Records shown:
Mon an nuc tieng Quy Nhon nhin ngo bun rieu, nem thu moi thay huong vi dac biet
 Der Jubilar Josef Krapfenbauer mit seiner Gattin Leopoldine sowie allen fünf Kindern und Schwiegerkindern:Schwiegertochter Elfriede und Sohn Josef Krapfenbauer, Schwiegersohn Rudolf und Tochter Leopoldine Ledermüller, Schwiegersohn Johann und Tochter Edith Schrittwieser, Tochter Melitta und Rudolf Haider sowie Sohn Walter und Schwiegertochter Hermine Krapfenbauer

---

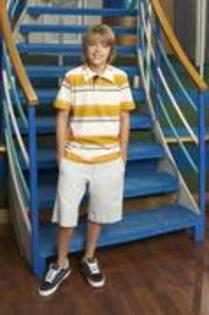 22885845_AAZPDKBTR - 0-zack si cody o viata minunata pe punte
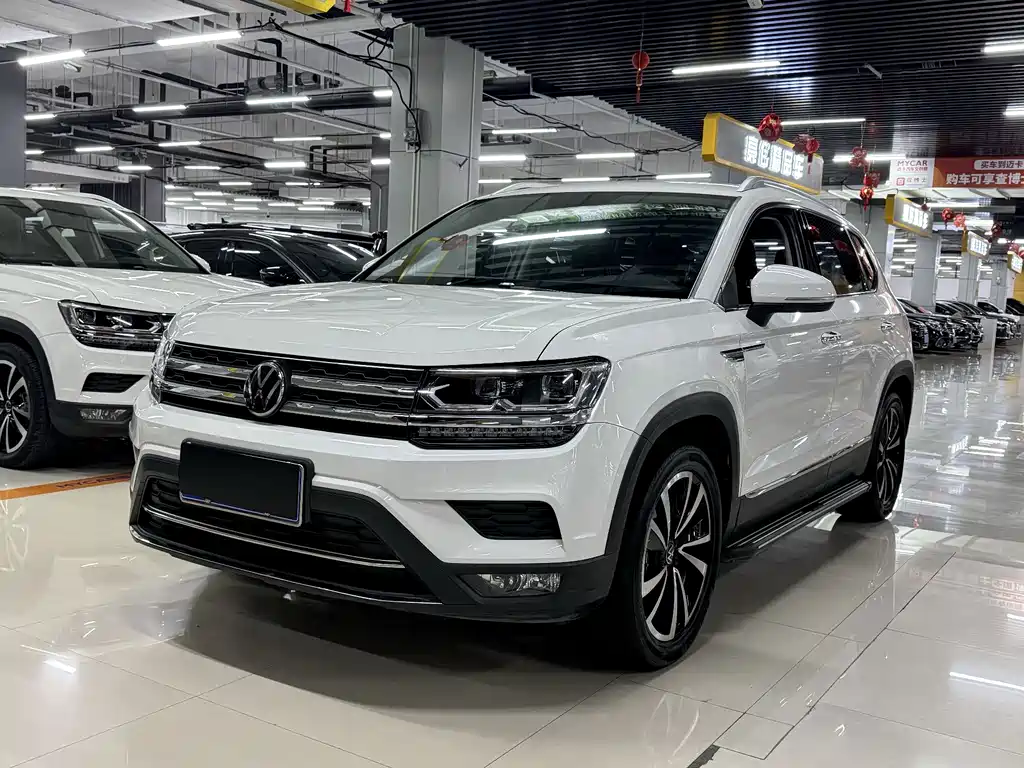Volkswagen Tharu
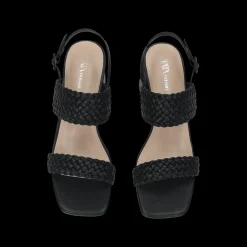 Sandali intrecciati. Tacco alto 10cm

---

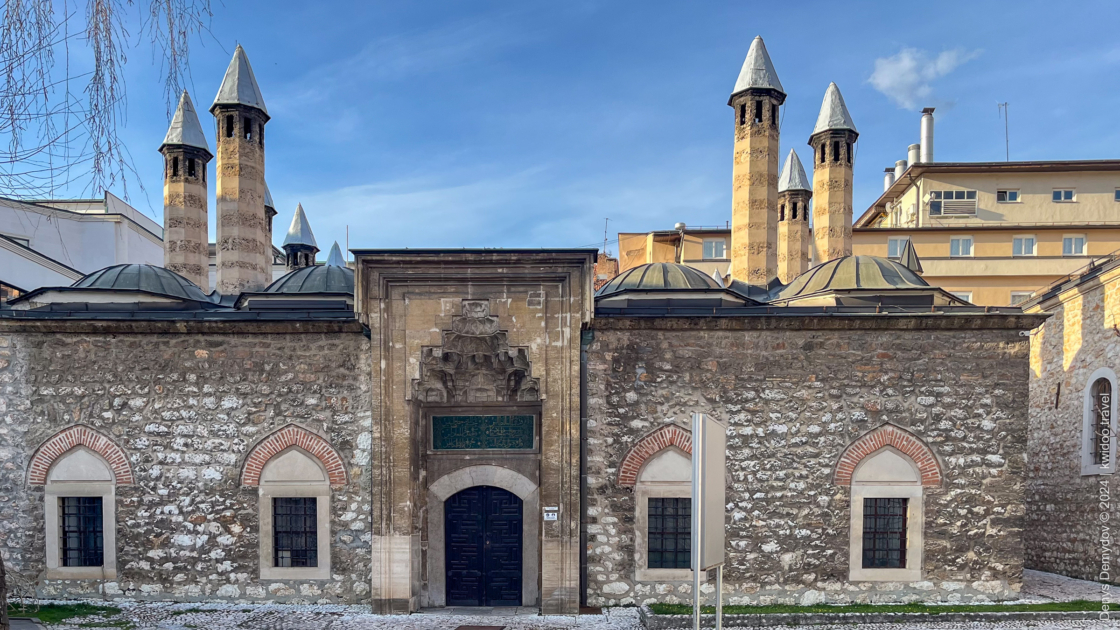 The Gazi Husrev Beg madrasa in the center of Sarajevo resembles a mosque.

Goal of the exercise:
Print only what lies in the material above starting at the line with "Mon an nuc tieng" and ending at the line with "Der Jubilar Josef", every line exactly as given.

Solved problem:
Mon an nuc tieng Quy Nhon nhin ngo bun rieu, nem thu moi thay huong vi dac biet
 Der Jubilar Josef Krapfenbauer mit seiner Gattin Leopoldine sowie allen fünf Kindern und Schwiegerkindern:Schwiegertochter Elfriede und Sohn Josef Krapfenbauer, Schwiegersohn Rudolf und Tochter Leopoldine Ledermüller, Schwiegersohn Johann und Tochter Edith Schrittwieser, Tochter Melitta und Rudolf Haider sowie Sohn Walter und Schwiegertochter Hermine Krapfenbauer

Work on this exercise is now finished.